Did you hear the Jeremiah passage that Kim and Juan read at the advent lamp lighting? I have been turning that last phrase around in my mind all week. They will call the land “YHWH is our justice.” This advent season, that is a land I want to journey to: a land called “YHWH is our justice.” How do we get there? Can we get there in this beautiful tent/caravan? Is there room for all of us? Is that land a place, or a time, or an event? Is it a destination or is it the journey itself – this land called “YHWH is our justice.”

On Thursday evening Eric and I joined Saundra and Dwight (and 2,300 other people) at the National Cathedral. We were there to hear Yo Yo Ma play all six of the suites that Johann Sebastian Bach wrote for solo cello. Sometimes we get to hear Eric or Daniel Daughtry-Weiss play parts of these suites for prelude. But to play all six, all the way through, without an intermission? It is like running a marathon but without the pit stops or people handing you water as you run past.

Yo Yo Ma sat on the stage, one chair, on a platform usually filled with musicians or clergy. He played from memory, for two and a half hours. It was entrancing, inspiring, — and I thought, “Yo Yo Ma lives in the land called ‘YHWH is our justice.’” Yo Yo Ma knows the suites of Bach so well that he lives in them. And because he lives in the Bach Suites and loves living in them, he knows what a gift they are to the world and he shares that gift with others.

As much as Yo Yo Ma loves and lives in the Bach Suites, he knows that he and the Bach Suites are not the only gift to the world. At the end of the concert, after a rousing standing ovation, Yo Yo Ma called on to the stage, the Howard University Gospel Choir. Not every performer would step aside from so much adulation and allow 20 college students to take the stage, to finish the night out. But Yo Yo Ma must know something about living in the land of “YHWH is our justice.” He must know that when we live in that land, we recognize there are many gifts and many ways to share those gifts.

It took more than a moment for the audience to make the adjustment – from a solo instrument playing 17th century music to 20 voices singing music written 300 years later. The audience had come to hear the one and only Yo Yo Ma, we had come to hear Bach, tested, tried and true. And now here, late at night, we were given an encore by college students, singing gospel music? It may have taken a moment, but Yo Yo Ma led us to this land and because we trusted him, we entered the music too. We experienced beauty, perhaps we even  heard YHWH, in the song “Hold on, change is comin,” just as we heard that voice in the wordless cello suites.

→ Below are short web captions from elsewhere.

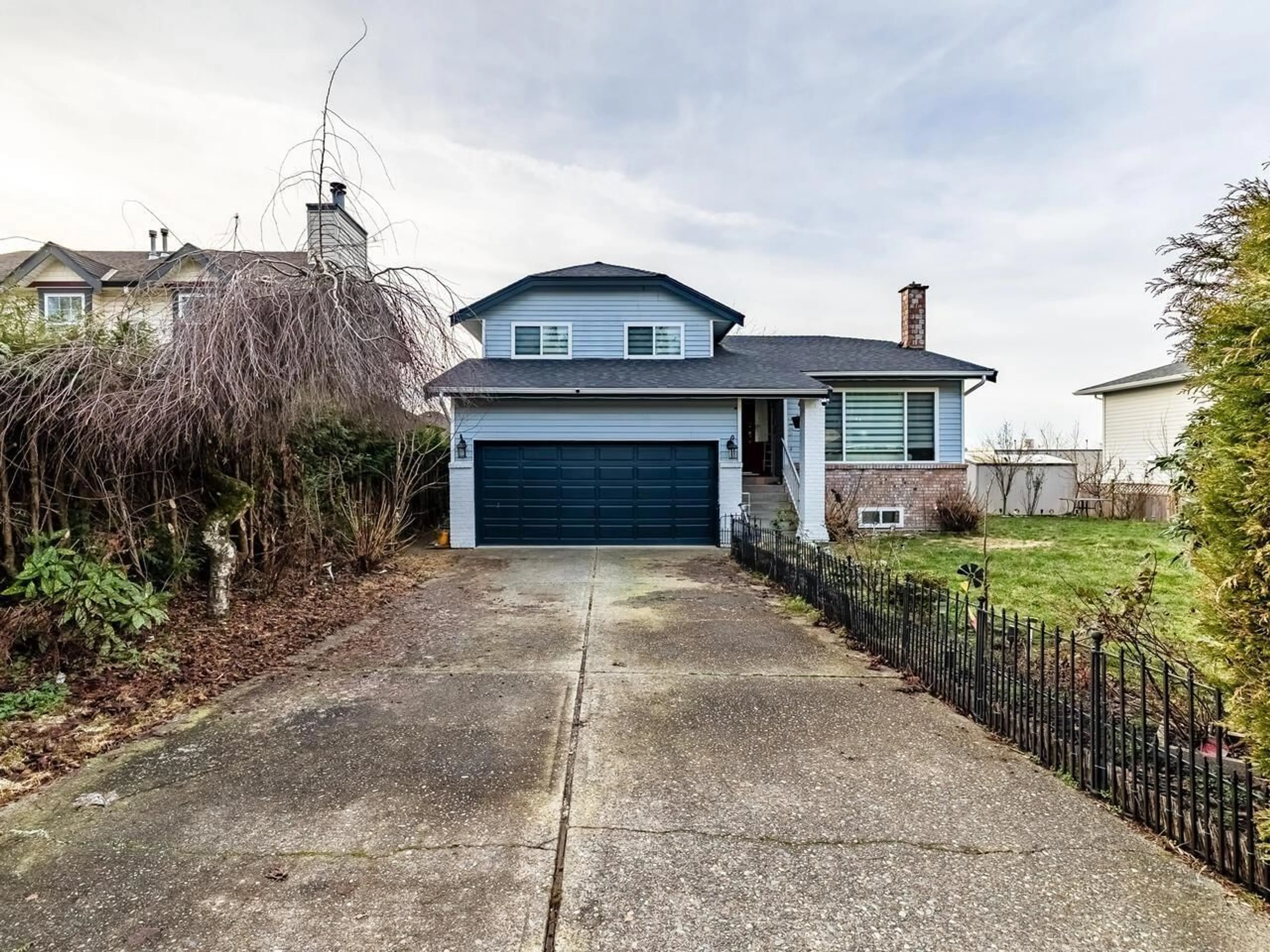 A pic from outside/outdoor area/front of a property/back of a property/a pic from drone, street for 5099 219 STREET, Langley British Columbia V3A8P7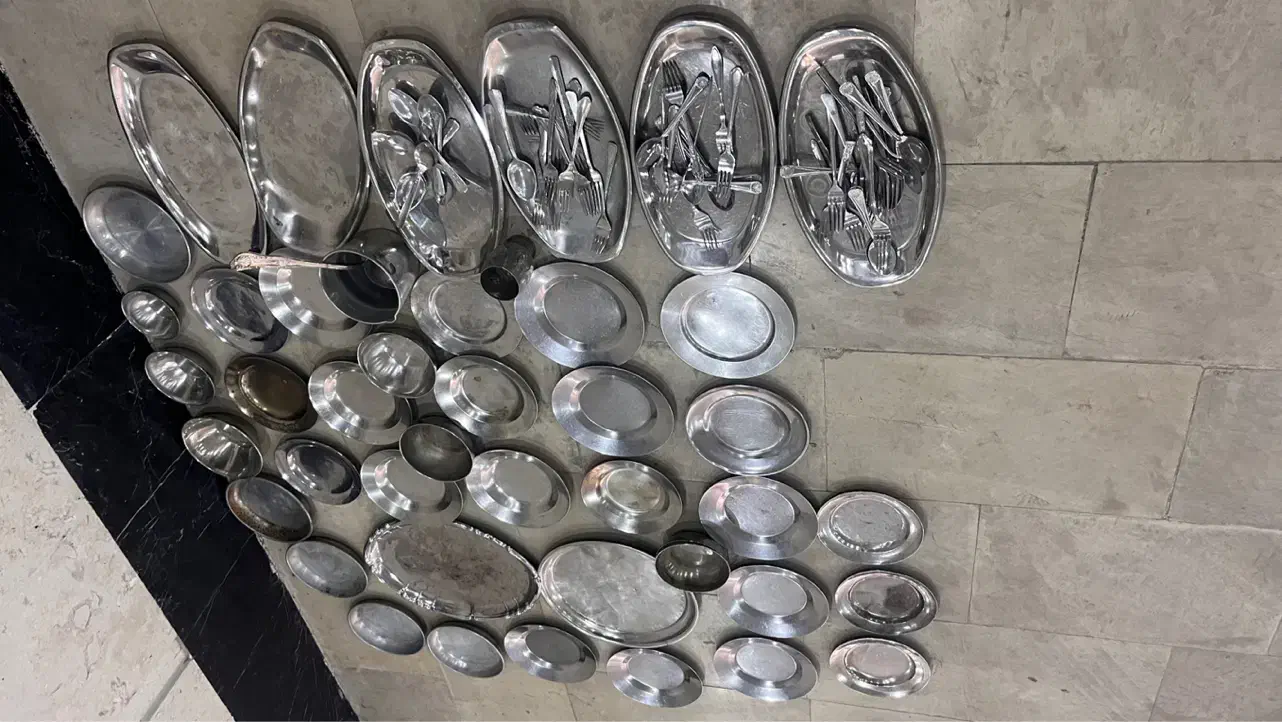 ظروف استیل قدیمی|کلکسیون اشیاء عتیقه|گرمدره, |دیوار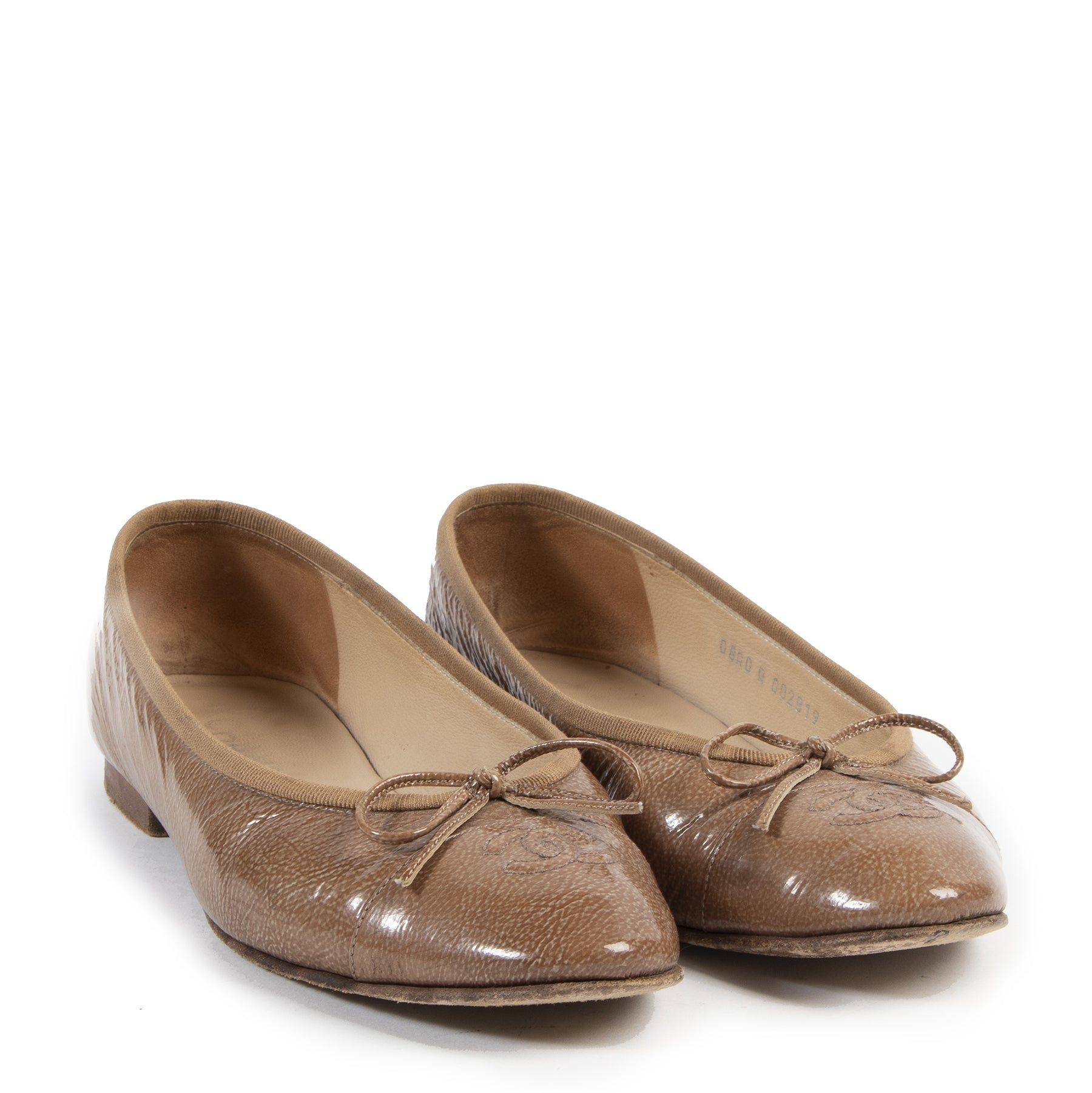 Authentic secondhand Chanel Brown Patent Leather Ballerina Flats - Size 38,5 designer shoes fashion luxury vintage webshop safe secure online shopping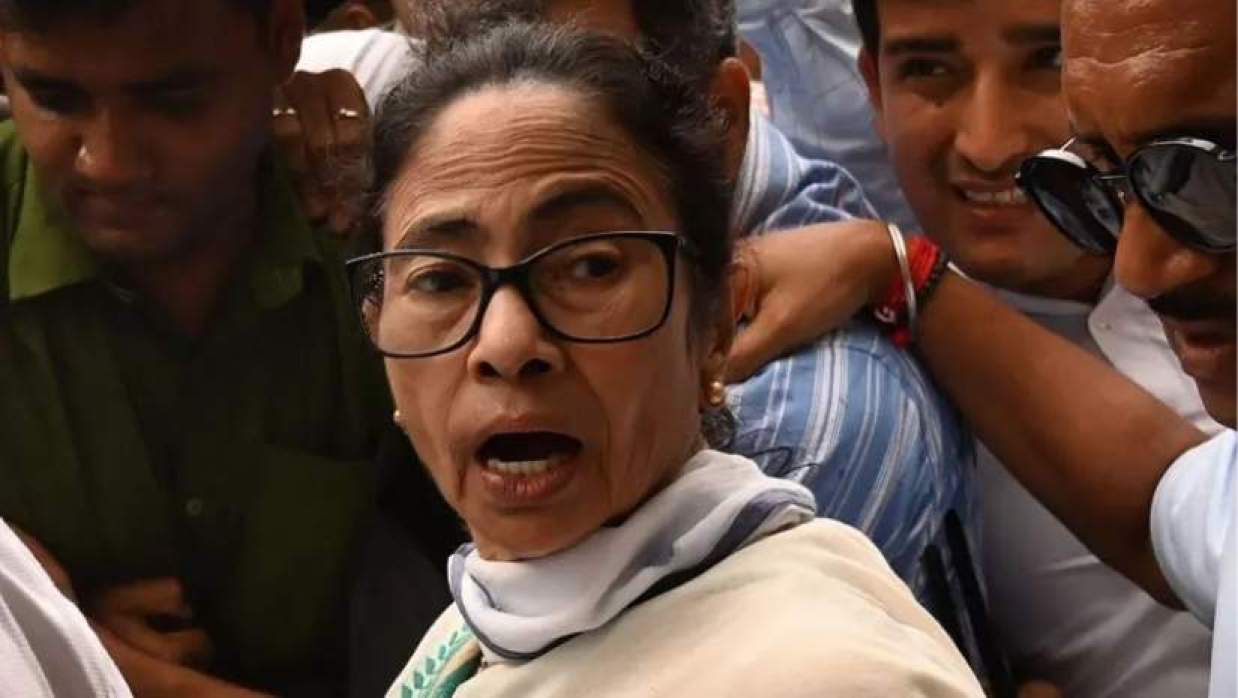 পশ্চিমবঙ্গের বিদায়ী মুখ্যমন্ত্রী মমতা ব্যানার্জী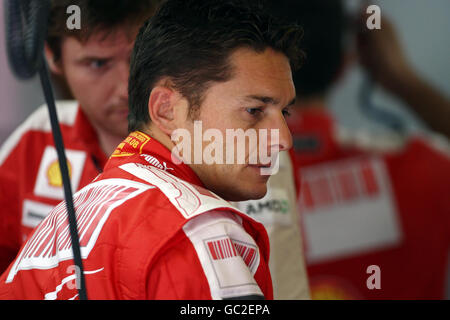 Formula uno Motor Racing - Gran Premio d'Italia - Paddock Day - Monza. Il pilota Ferrari Giancarlo Fisichella nei box durante la giornata del paddock sul circuito di Monza. Foto Stock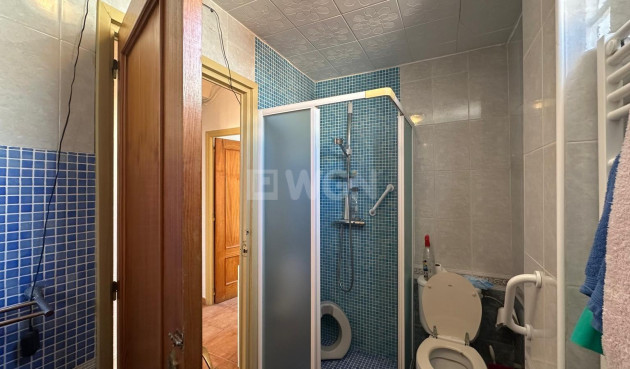 Odsprzedaż - Mieszkanie w bloku - Torrevieja - Estacion De Autobuses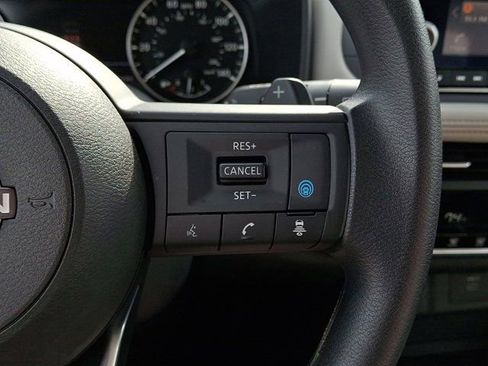 Used 2024 Nissan Rogue SV image 26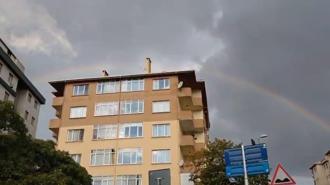 Ataşehir’de yağmur sonrası gökkuşağı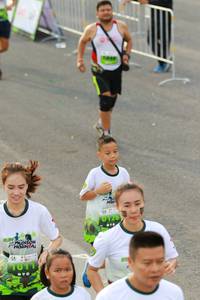 BIB: 912, 1011
                            <button type="button" onclick="openModal(3556232)" class="btn btn-primary btn-sm float-right btn-popup" data-toggle="modal" data-target=".modal-high-quality">
                        <i class="fas fa-shopping-cart"></i> Add to Cart
                    </button>
                                            <button type="button" onclick="isThisMe(3556232, true)" class="btn btn-success btn-sm float-right btn-popup btn-isme hidden" data-toggle="tooltip" data-placement="bottom" title="นี่คือรูปของคุณใช่ไหม คลิกที่นี่เพื่อเอาเข้าอัลบั้ม">
                        <i class="fas fa-plus"></i> Add to album
                    </button>
                    <button type="button" onclick="isThisMe(3556232, false)" class="btn btn-warning btn-sm float-right btn-popup btn-isnotme hidden">
                        <i class="fas fa-ban"></i> Remove from album
                    </button>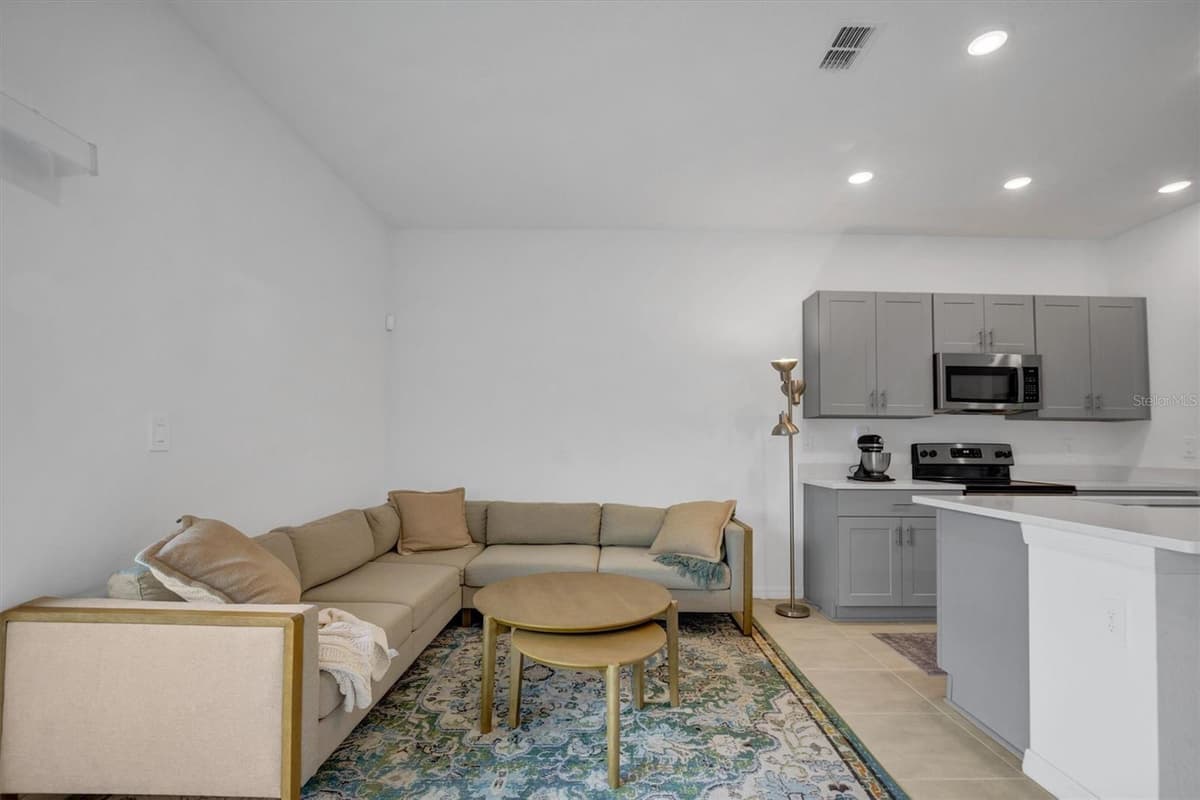 2256 PORTRAIT STREET — photo 16 of 47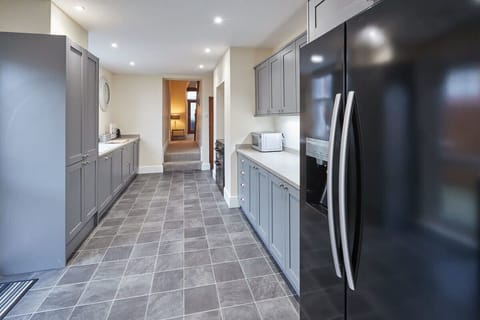 The Townhouse @ Scarborough - Host & Stay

So how do we get to this land, “YHWH is our justice?” Do we have to go to the National Cathedral or the Kennedy Center? Or am I mistaken when I say that I glimpsed the land of “YHWH is our justice” at the Cathedral; after all, the only people who were there were those who could afford to shell out big bucks to sit – all evening and some didn’t even stay for the whole thing. Maybe I am way off and an evening of music in the cathedral is not anything like what Jeremiah had in mind. But I’m sure I caught a glimpse. I felt a pull, breathed in hope, wept a tear for the land that I experienced and heard that night.

Jeremiah has his vision while in exile, in prison. What a wild imagination he must have to see a time when Israel and Judah are not at war with each other or the Assyrians or the Babylonians. The people are in exile and despair and Jeremiah sees that one day they will live in the land called “YHWH is our justice.”

Jump several centuries and the Romans claim Caesar is the king, the god in control. Luke’s apocalyptic description is part imagination and part lived experience: nations in anguish; the roaring of the seas; people dying of fright; the powers in the heavens shaken. And yet Jesus proclaims: The reign of God is near.

Though we may be able to buy our way into the Cathedral, we see the chaos of a country led by fear. We watch as the greed of a few leaves many struggling to survive. We hear words twisted so they no longer represent truth. As followers of the One who came proclaiming “the Reign of God is near,” we too look for ways to live in the land of “YHWH is our justice.” We may even dream big and believe that we can offer some hope to those who need it most, who feel as if they may never catch a glimpse of “YHWH is our justice” or the Reign of God.

It is not as easy as wishing it to be true. Yo Yo Ma did not just hope that he would be able to play the Bach Suites. He said Thursday evening that the first time he performed one of the Bach Suites he was five years old. His parents might have caught glimpses of that land when he was five but probably not everyone experienced “YHWH is our justice” when they heard him play. It took many years of practice, of devotion and dedication until his playing could help the rest of us catch a glimpse of that land.

The same is true for us; if we truly want to journey to that land, “YHWH is our justice,” we have to practice. It sounds like a destination and yet it is in the practice on the journey that we can experience that land.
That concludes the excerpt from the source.